Consider the listing below. Extract exactly the lines from the line containing "6122 Pleasant Mdw, San Antonio, TX 78222" to the line containing "Certified 2025 Chrysler", both included.

Top of DATA RECORDS

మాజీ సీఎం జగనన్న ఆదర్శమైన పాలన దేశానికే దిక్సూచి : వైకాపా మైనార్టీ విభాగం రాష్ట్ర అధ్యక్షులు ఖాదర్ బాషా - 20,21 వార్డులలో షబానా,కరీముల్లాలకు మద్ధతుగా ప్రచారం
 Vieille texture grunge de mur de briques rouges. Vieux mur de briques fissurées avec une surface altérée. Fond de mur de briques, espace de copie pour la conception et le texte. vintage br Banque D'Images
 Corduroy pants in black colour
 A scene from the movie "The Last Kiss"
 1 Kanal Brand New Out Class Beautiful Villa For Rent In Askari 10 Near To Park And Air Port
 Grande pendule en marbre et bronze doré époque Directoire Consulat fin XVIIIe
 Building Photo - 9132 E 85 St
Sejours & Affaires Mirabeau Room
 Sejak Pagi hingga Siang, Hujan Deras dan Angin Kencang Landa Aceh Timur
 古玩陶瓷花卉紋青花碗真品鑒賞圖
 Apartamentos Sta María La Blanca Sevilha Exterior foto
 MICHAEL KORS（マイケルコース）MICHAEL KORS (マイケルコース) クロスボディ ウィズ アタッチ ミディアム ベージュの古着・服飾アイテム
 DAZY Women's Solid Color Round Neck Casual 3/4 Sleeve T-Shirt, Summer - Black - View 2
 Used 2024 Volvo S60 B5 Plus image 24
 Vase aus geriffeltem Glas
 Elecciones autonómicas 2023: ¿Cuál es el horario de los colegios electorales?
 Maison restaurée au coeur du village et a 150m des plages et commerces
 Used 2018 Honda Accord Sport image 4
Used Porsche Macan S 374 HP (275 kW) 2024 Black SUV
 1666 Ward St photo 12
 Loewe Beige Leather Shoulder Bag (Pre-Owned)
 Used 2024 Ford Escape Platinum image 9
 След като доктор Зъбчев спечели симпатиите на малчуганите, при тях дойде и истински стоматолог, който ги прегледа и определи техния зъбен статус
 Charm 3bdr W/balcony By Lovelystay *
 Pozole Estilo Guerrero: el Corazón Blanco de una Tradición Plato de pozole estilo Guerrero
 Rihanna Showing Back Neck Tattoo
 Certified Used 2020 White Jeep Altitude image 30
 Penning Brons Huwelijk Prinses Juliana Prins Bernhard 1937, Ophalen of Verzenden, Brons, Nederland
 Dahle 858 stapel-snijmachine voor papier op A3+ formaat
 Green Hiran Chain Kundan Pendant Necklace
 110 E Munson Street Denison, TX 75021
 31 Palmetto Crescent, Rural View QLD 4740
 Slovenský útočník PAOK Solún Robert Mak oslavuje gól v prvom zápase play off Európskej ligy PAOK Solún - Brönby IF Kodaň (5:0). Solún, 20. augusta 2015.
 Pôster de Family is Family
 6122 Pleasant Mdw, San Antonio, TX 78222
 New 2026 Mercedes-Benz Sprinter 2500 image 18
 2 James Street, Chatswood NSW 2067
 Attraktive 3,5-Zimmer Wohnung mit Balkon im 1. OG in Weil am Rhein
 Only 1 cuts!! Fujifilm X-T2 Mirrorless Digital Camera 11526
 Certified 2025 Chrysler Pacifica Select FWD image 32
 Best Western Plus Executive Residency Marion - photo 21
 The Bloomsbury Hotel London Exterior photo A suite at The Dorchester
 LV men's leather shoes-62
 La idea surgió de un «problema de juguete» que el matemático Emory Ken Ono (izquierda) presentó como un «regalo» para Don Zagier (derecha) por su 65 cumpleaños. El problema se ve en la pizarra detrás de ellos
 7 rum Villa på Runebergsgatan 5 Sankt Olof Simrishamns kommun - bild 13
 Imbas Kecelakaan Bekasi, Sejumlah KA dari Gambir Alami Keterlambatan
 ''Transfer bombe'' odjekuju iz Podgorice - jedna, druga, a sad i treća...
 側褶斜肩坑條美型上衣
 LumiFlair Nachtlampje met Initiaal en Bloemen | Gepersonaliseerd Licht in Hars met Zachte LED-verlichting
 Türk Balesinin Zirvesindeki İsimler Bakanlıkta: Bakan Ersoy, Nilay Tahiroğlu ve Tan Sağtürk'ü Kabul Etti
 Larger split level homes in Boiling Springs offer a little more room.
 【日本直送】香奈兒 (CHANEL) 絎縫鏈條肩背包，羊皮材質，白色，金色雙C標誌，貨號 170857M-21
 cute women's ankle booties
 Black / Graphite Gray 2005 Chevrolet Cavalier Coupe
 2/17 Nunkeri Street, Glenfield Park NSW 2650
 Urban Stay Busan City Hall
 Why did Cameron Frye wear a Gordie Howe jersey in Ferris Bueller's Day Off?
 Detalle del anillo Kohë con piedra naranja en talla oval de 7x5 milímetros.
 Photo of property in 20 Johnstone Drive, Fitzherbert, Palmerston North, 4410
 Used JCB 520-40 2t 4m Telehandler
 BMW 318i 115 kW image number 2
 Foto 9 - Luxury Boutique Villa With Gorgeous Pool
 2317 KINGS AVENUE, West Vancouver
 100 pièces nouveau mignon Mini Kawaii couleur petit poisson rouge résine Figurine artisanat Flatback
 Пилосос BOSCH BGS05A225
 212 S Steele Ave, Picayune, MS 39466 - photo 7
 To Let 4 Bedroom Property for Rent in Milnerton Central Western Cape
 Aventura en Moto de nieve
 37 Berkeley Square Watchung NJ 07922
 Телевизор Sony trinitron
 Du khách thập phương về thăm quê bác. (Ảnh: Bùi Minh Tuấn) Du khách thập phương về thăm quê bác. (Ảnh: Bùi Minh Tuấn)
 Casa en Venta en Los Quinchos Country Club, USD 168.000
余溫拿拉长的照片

Bottom of DATA RECORDS

RESPONSE TO THE EXERCISE -
 6122 Pleasant Mdw, San Antonio, TX 78222
 New 2026 Mercedes-Benz Sprinter 2500 image 18
 2 James Street, Chatswood NSW 2067
 Attraktive 3,5-Zimmer Wohnung mit Balkon im 1. OG in Weil am Rhein
 Only 1 cuts!! Fujifilm X-T2 Mirrorless Digital Camera 11526
 Certified 2025 Chrysler Pacifica Select FWD image 32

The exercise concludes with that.